基于RNN的时间序列预测

1. 这是整个项目的文件结构
基于RNN的时间序列预测_第1张图片
2. 配置文件 config.py

# data_provider: data_power_consumption

path_to_dataset = '../data/household_power_consumption.txt'
sequence_length = 50
ratio= 0.5
epochs = 1

save_path = "../model.h5"
batch_size=512

3. 数据处理文件 data_provider.py

"""
dataset intruduction:
The dataset we'll be using can be downloaded there :
https://archive.ics.uci.edu/ml/datasets/Individual+household+electric+power+consumption#.
It is a 20 Mo zip file containing a text file.

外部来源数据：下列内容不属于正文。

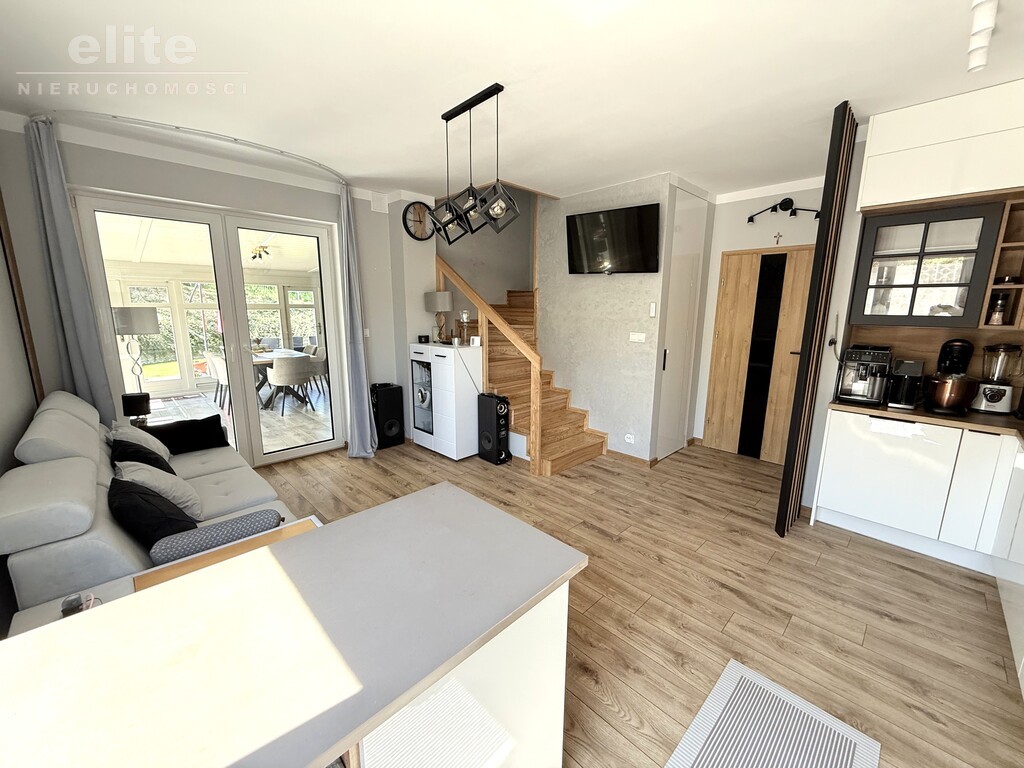 Szeregowiec skrajny 3pok + garaż 25m2 + 1 m.p (7)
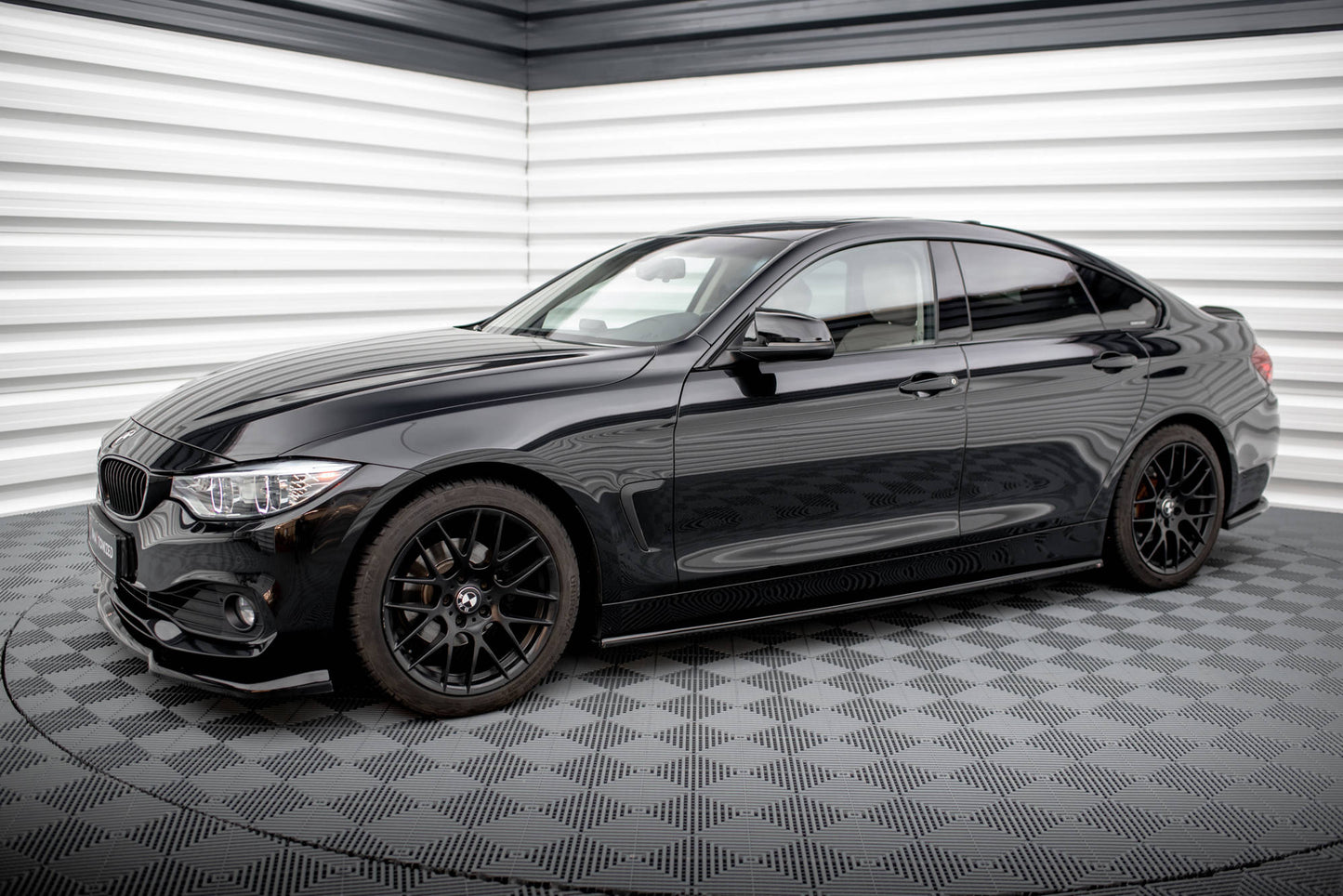 Maxton Seitenschweller Ansatz für BMW 4er Coupe / Gran Coupe / Cabrio F32 / F36 / F33 schwarz Hochglanz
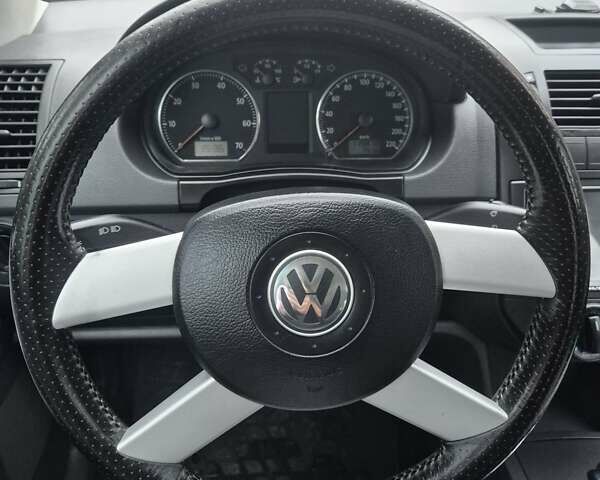 Черный Фольксваген Кросс Поло, объемом двигателя 1.4 л и пробегом 119 тыс. км за 6500 $, фото 31 на Automoto.ua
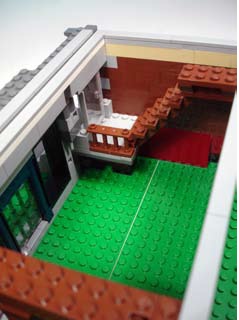 10182-03-brickjournal7_31_3.jpg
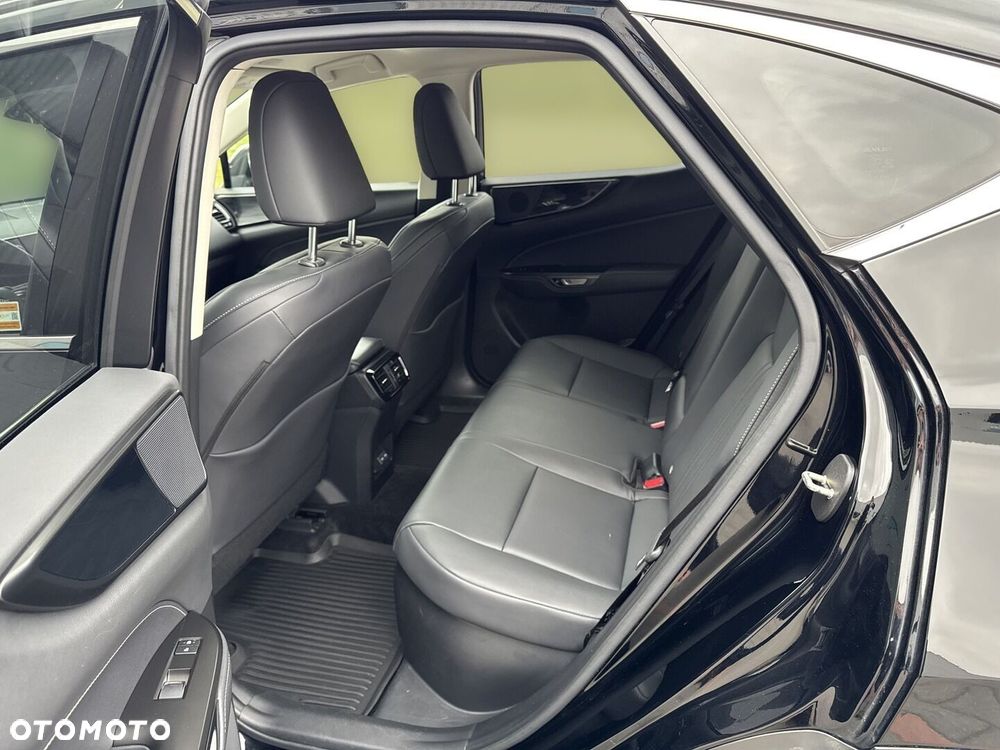 Lexus NX 350h Business AWD - 12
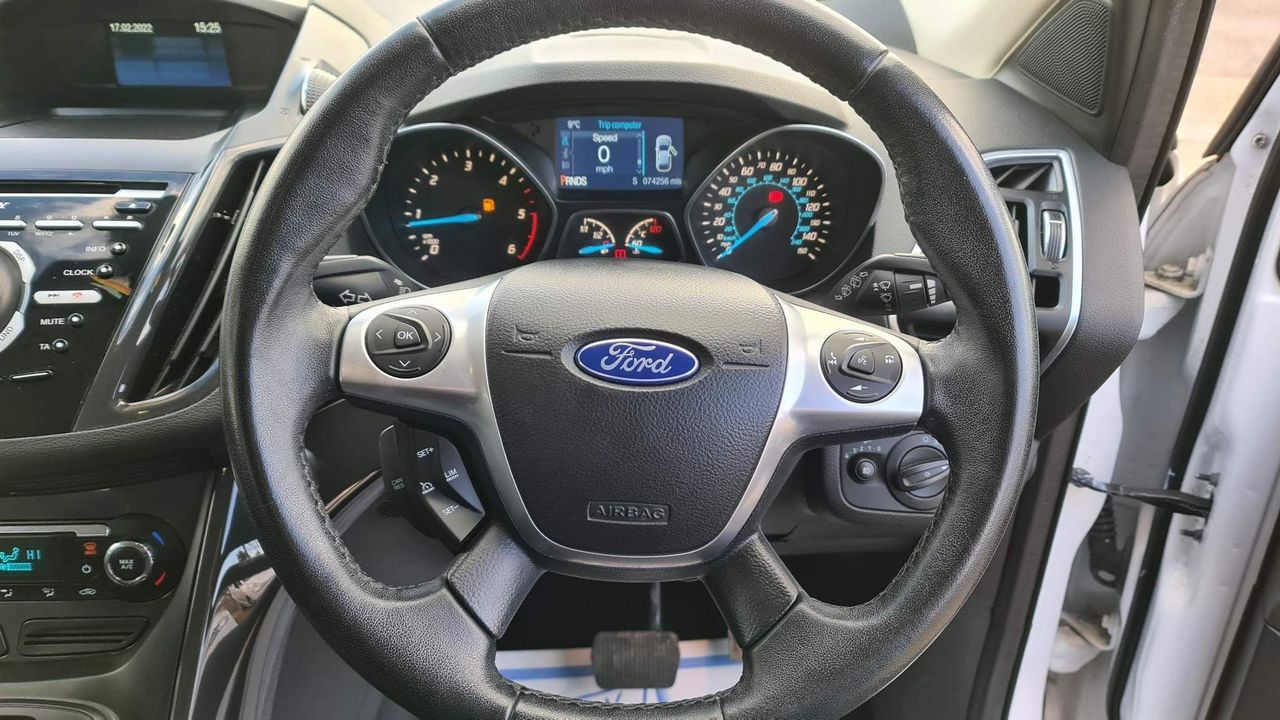 2014 Ford Kuga 2.0 TDCi Titanium Powershift AWD 5dr - Picture 35 of 46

The task here will be to be able to predict values for a timeseries :
the history of 2 million minutes of a household's power consumption.
We are going to use a multi-layered LSTM recurrent neural network
to predict the last value of a sequence of values.
Put another way, given 49 timesteps of consumption, what will be the 50th value?


"""
import matplotlib.pyplot as plt
import numpy as np
import time
import csv
from keras.models import Sequential
from keras.layers.core import Dense, Activation, Dropout
from keras.layers.recurrent import LSTM
np.random.seed(1234)

def data_power_consumption(path_to_dataset, sequence_length, ratio):
    max_values = ratio * 2049280
    with open(path_to_dataset) as f:
        data = csv.reader(f, delimiter = ";")
        power = []
        nb_of_values = 0
        for line in data:
            try:
                power.append(float(line[2]))
                nb_of_values += 1
            except ValueError:
                pass
            # 2049280.0 is the total number of valid values, i.e. ratio = 1.0
            if nb_of_values / 2049280.0 >= ratio:
                break
    """
    The initial file contains lots of different pieces of data. 
    We will here focus on a single value : a house's Global_active_power 
    history, minute by minute for almost 4 years. 
    This means roughly 2 million points. 
    Some values are missing, this is why we try to load the values as floats 
    into the list and if the value is not a number 
    ( missing values are marked with a ?) we simply ignore them.
    Also if we do not want to load the entire dataset, 
    there is a condition to stop loading the data 
    when a certain ratio is reached.
   """
    result = []
    for index in range(len(power) - sequence_length):
        result.append(power[index: index + sequence_length])
    result = np.array(result) # shape (2049230, 50)

    """
    Once all the datapoints are loaded as one large timeseries, 
    we have to split it into examples. 
    Again, one example is made of a sequence of 50 values. 
    Using the first 49, we are going to try and predict the 50th. 
    Moreover, we'll do this for every minute given the 49 previous 
    ones so we use a sliding buffer of size 50.
    """
    result_mean = result.mean()
    result -= result_mean
    """
    Neural networks usually learn way better when data is 
    pre-processed (cf Y. Lecun's 1995 paper, section 4.3). 
    However regarding time-series we do not want the network 
    to learn on data too far from the real world. 
    So here we'll keep it simple and simply center the data to have a 0 mean.
    """
    row = int(round(0.9 * result.shape[0]))# 行
    train = result[:row, :]
    np.random.shuffle(train)# 按行打乱
    X_train = train[:, :-1]# 49column
    y_train = train[:, -1]# 只有行没有列,就是一列

    X_test = result[row:, :-1]
    y_test = result[row:, -1]
    # print(X_train.shape,y_train.shape,X_test.shape,y_test.shape)
    # print(result.shape[0], X_train.shape[0]+X_test.shape[0])
    """
    (1844307, 49) (1844307,) (204923, 49) (204923,)
    2049230 2049230
    """
    """
    Now that the examples are formatted, we need to split them into 
    train and test, input and target. Here we select 10% of the data as test 
    and 90% to train. We also select the last value of each example 
    to be the target, the rest being the sequence of inputs.
    We shuffle the training examples so that 
    we train in no particular order and the distribution is 
    uniform (for the batch calculation of the loss) 
    but not the test set so that we can visualize 
    our predictions with real signals.
    """
    X_train = np.reshape(X_train, (X_train.shape[0], X_train.shape[1], 1))
    X_test = np.reshape(X_test, (X_test.shape[0], X_test.shape[1], 1))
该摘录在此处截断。